Please output the lines from the one with "Oliz Window Box" through the end of the data exactly as written, omitting all pictures.

[[ RECORDS FOR THIS EXERCISE open ]]

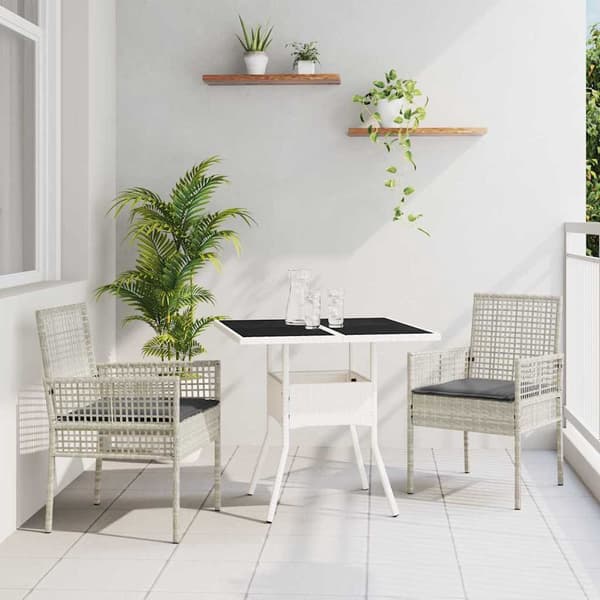 vidaXL Trädgårdsmöbelset 3 pcs Ljusgrå konstrotting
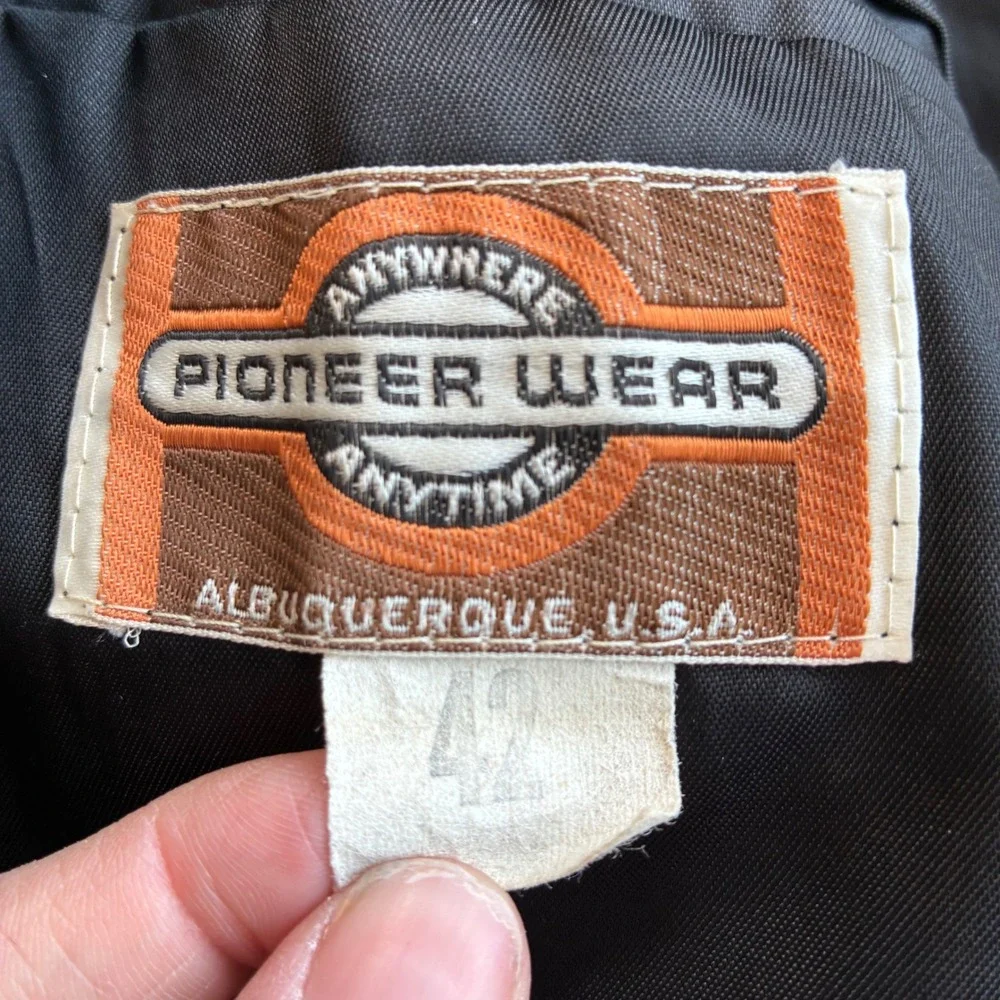 Pioneer Wear Albuquerque Vintage‎ Black Genuine Leather Western Blazer Jacket 42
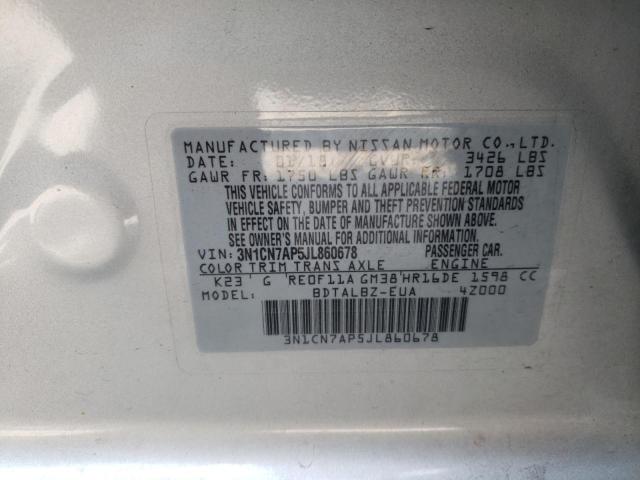 3N1CN7AP5JL860678 - 2018 NISSAN VERSA SILVER photo 10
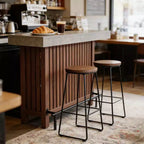 Table de bar GDFStudio Paula moderne en métal et bois avec 2 étagères de rangement et patins réglables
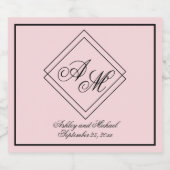 Étiquettes Pour Bouteilles De Vin Mousseux Mariage de monogramme géométrique rose simple mode (Étiquettes simples)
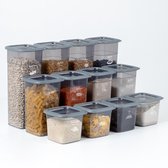 Set de Bocaux de conservation de Bidons alimentaires 12 pièces Bocaux de conservation en plastique anthracite avec couvercle Récipient pour aliments frais Bocaux de conservation hermétiques Congélateur empilable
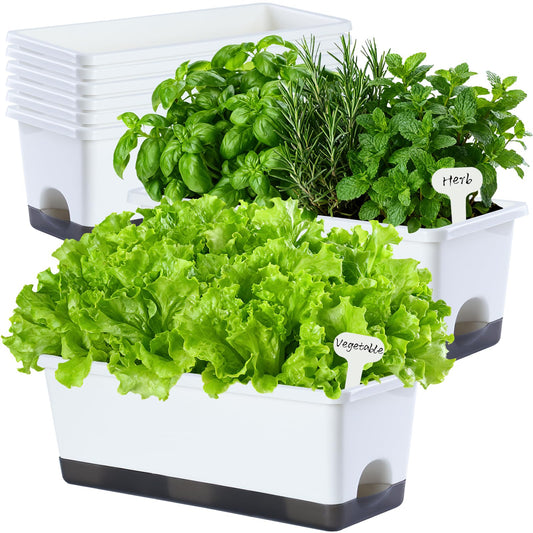 Oliz Window Box Planter 8 Pcs, 17 Inches Rectangle Flower Pots with Drainage Holes & Trays, Vegetable Planters for Windowsill Patio Garden Balcony Home Indoor Outdoor (White, 16 * 7 * 6 inch)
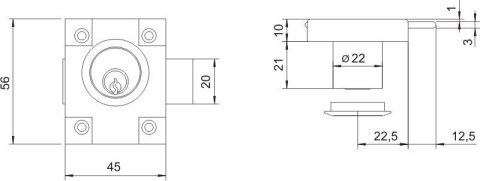 ZAMEK MEBLOWY ZMB-1 NIKLOWANY LOB ZAMEK MEBLOWY ZMB-1 NIKLOWANY LOB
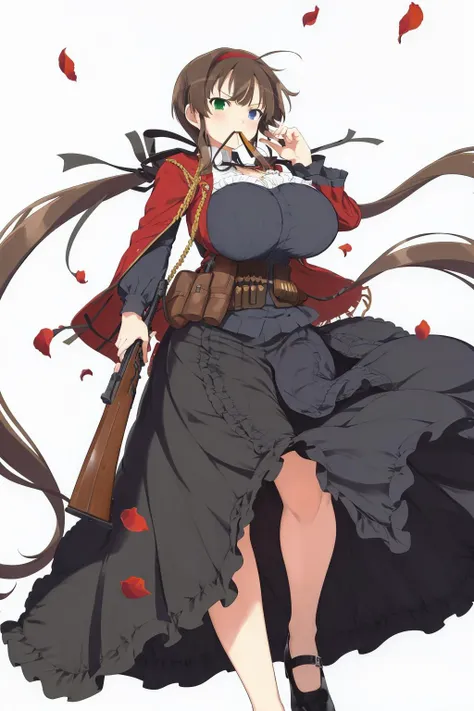 masterpiece, best quality, ryoubi (senran kagura), heterochromia, twintails, blue eyes, green eyes, huge breasts, white background, (simple background:1.2), 1girl, solo, weapon, long hair, heterochromia, gun, brown hair, bullet, blue eyes, very long hair, hairband, green eyes, twintails,black long skirt, petals, rifle, ribbon, cartridge, dress, hair ribbon, shoes, mouth hold<lora:Ryoubi_senran kagura-000012:0.8> <lora:Senran_kagura_style:0.2>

[[ RECORDS FOR THIS EXERCISE closed ]]

▶ RESPONSE TO THE TASK
 Oliz Window Box Planter 8 Pcs, 17 Inches Rectangle Flower Pots with Drainage Holes & Trays, Vegetable Planters for Windowsill Patio Garden Balcony Home Indoor Outdoor (White, 16 * 7 * 6 inch)
 ZAMEK MEBLOWY ZMB-1 NIKLOWANY LOB ZAMEK MEBLOWY ZMB-1 NIKLOWANY LOB
 masterpiece, best quality, ryoubi (senran kagura), heterochromia, twintails, blue eyes, green eyes, huge breasts, white background, (simple background:1.2), 1girl, solo, weapon, long hair, heterochromia, gun, brown hair, bullet, blue eyes, very long hair, hairband, green eyes, twintails,black long skirt, petals, rifle, ribbon, cartridge, dress, hair ribbon, shoes, mouth hold<lora:Ryoubi_senran kagura-000012:0.8> <lora:Senran_kagura_style:0.2>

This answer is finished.